Advocacy Group Sues To Block Effort Which Could Overturn Arizona’s New Tax Structure

Advocacy Group Sues To Block Effort Which Could Overturn Arizona’s New Tax Structure

By Terri Jo Neff |

A lawsuit filed in Maricopa County Superior Court on Wednesday argues that efforts to have voters decide whether Arizona’s new flat-rate income tax and other tax law changes should go into effect are unconstitutional.   

The Arizona Free Enterprise Club (AFEC) is among the plaintiffs seeking a court order to bar the acceptance of petition signatures gathered by Invest In Arizona, a political committee sponsored by Arizona Education Association and Stand for Children – Arizona, which wants voters to overturn three revenue-related bills recently signed by Gov. Doug Ducey.

The problem with Invest in Arizona’s plan, the lawsuit argues, is that Article 4 of the Arizona Constitution prohibits referendums of legislation which deals with revenues and appropriations used for the “support and maintenance of the departments of state government and state institutions.”

AFEC is a nonprofit 501(c)(4) corporation organized and operated for the promotion of social welfare. It does so by engaging in public education and advocacy in support of free markets and economic growth in the State of Arizona.

Joining AFEC as plaintiffs in the lawsuit is the group’s executive director, Scott Mussi, as well as Diane Schafer, a registered voter from Yavapai County.

The legislation which Invest in Arizona wants to challenge via referendum are Senate Bills 1783, 1827, and 1828. The bills were passed near the end of the recent legislative session and then signed by Gov. Doug Ducey.
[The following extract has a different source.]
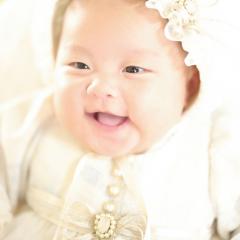ドレスを着たあかちゃん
SB1828 amends Arizona’s current income tax brackets and tax rates and provides for a single income tax rate of 2.5 percent conditioned on certain general fund revenue thresholds. It was the cornerstone of Ducey’s budget package approved by the legislature earlier this month.

A companion bill, SB1827, ensures an individual taxpayer’s taxable income will not be subject to an overall marginal tax rate of more than 4.5 percent when a tax surcharge from Prop 208 (Invest In Ed) is considered.  Meanwhile, SB1783 allows certain small business owners to pay an alternative small business tax.

The legislation is slated to take effect 90 days after the governor affixed his signature. That 90-day window provides time for challengers to initiate a petition signing drive to take the matter out of lawmakers’ hands and put it before voters across the state via a referendum.

Getting a matter onto a ballot as a referendum requires valid petition signatures to be submitted to Arizona Secretary of State Katie Hobbs equal to five percent of the total votes cast in the last gubernatorial election. If that happens, then the new laws would remain on hold until voters have their say in a statewide election.

And that, according to AFEC, Mussi, and Schafer, should not be allowed to happen with SB1783, 1827, and 1828 because each deals directly with the generation of state revenue for funding Arizona’s state government and state institutions.  Their lawsuit asks a Maricopa County judge to bar Hobbs from accepting petition signatures for any of the three bills.

“The filing of petitions in support of the Proposed Referenda will injure the Plaintiffs and all Arizona taxpayers by unconstitutionally delaying the effective date of non- referrable laws duly enacted by the elected Legislature and approved by the Governor,” the lawsuit states.

The plaintiffs are represented by Thomas Basile of the Statecraft Law Firm. Basile says his clients are not against voter referendums in general and only initiated this legal action to ensure the Arizona Constitution is followed by Hobbs’ office.

“At the core of our case is that while the right of referendum is broad, it is not unlimited,” he told AZ Free News on Thursday. “The framers of our Constitution carved out certain categories exempt to referendum, such as in the case of tax reform and appropriations.”

Hobbs is named as a defendant in her official capacity as the state officer responsible for accepting or rejecting referendum petition sheets. Invest in Arizona is also named as a real party in interest.